If you are a reader, you probably know the experience of coming across a book that changes you. A book that never leaves you again, and one you are pretty sure you would grab off your shelf if you had to flee your home in a hurry. As long as you can read those words, at least something in the world is still ok.
That book, for me, is
the Prophet, by Kahlil Gibran.
I first heard of the writer's name when looking through books of quotations while making a gift for a friend of mine - a decorated book of quotes, poems, and excerpts that reminded me of her - and I came to Gibran's
passage about children from
the Prophet. I found it deep and profound, and I included it in the collection.
The next time I visited her in Germany, I gave her the hand-made book. That very evening I was astonished to see a copy of Gibran's book lying on her sideboard. What a coincidence! I asked her about it, and she said she'd been looking for a quote the other day and just hadn't put it away. When I left a few days later to return to the U.S., she gave me the book - and I still have it, of course (along with three other editions, including the German translation!).
Sitting at the gate in Stuttgart, I pulled it out and started reading from the beginning.
The Prophet is about a traveler who had been marooned in a foreign land for 12 years, and at the opening of the story he finally sees a ship from his homeland approaching. Filled with unbounding joy, he runs toward town but then realizes he'll be sad to leave this place.
"Too many fragments of my spirit have I scattered in these streets...
I cannot withdraw from them without a burden and an ache."
The traveler and narrator, Almustafa, describes perfectly the mixed emotions of leaving a place where you have left (or found!) part of your soul and returning home where you need to be, and every word seemed to pierce straight through my heart.
"It is not a garment I cast off this day, but a skin I tear off with my own hands.

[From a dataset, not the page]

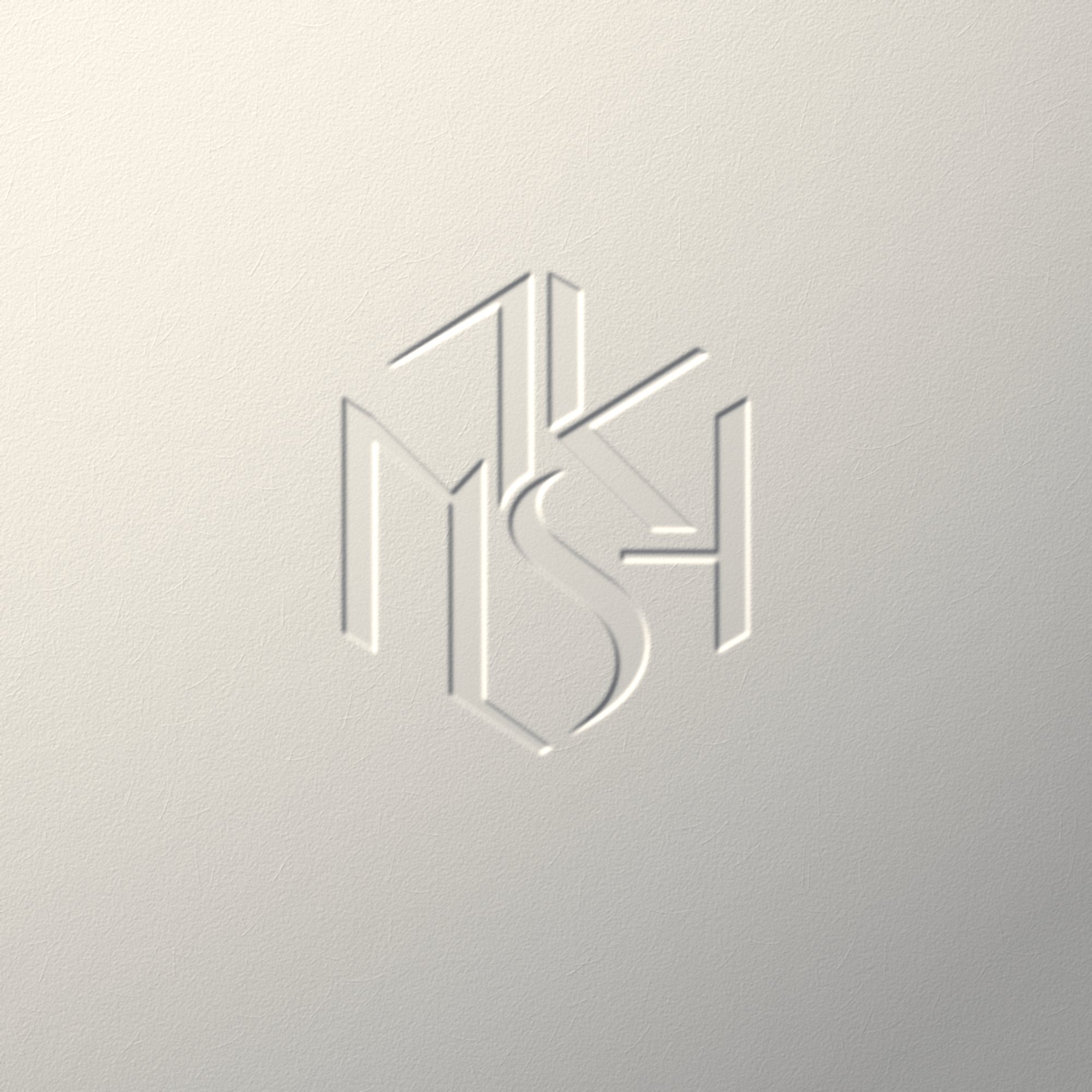 The MKSH monogram debossed on paper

Yet I cannot tarry longer."
The time to return had come.
Needing and wanting to return, yet longing to stay. A lump started growing in my throat.

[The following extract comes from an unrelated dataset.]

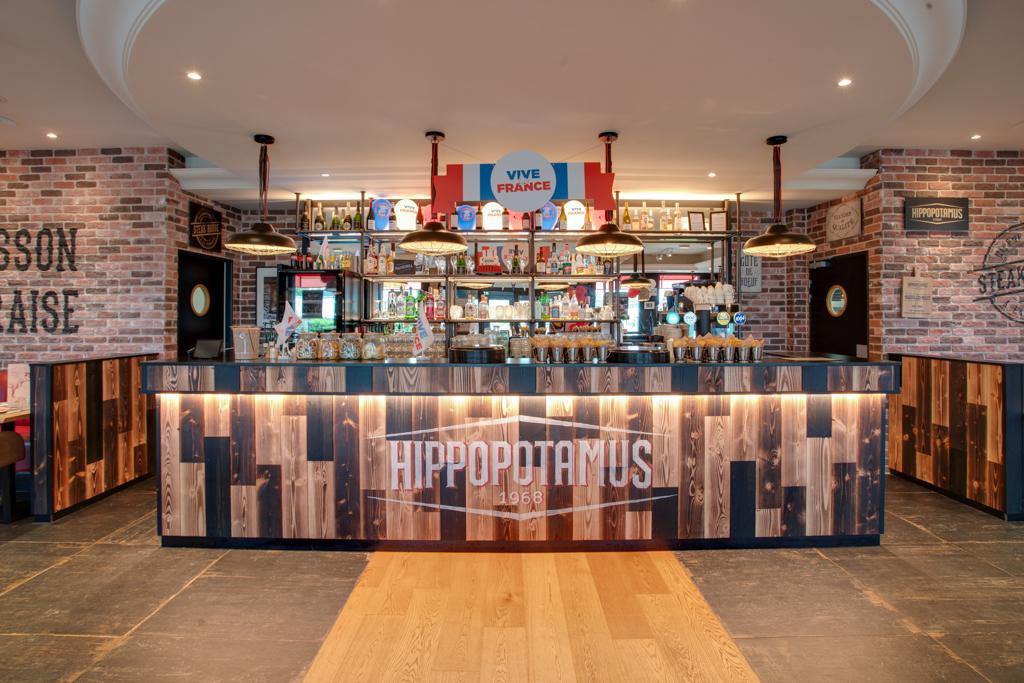 Restaurant Steakhouse avec des touches de bois, des murs en briques, des suspensions lumineuses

You see, my kids were "back home," and of course I was looking forward to returning to them. I'd never lived anywhere other than Wisconsin, and it was home. But ever since my days as an exchange student in Esslingen, I knew a part of me belonged here in Germany.
Throughout the rest of the book the people Almustafa had been living among gather and ask him to share his life's wisdom with them before he departs. They ask him about love, marriage, giving, food & drink, freedom, friendship, silence, and many more elements of human life. His words were a truth I'd never heard before but always somehow knew.
"These things he said in words, But much in his heart remained unsaid.
For he himself could not speak his deeper secret."
And from that point on, I was a mess.
"Think not you can direct the course of love,
for love, if it finds you worthy, directs your course."
"Much of your pain is self-chosen." Yes, it was. "Your ears thirst for the sound of your heart's knowledge." Yes they did. "You have given me my deeper thirsting after life." Yes, you had.
"When you part from your friend, you grieve not; For that which you love most in him may be clearer from a distance, as the mountain to the climber is clearer from the plain."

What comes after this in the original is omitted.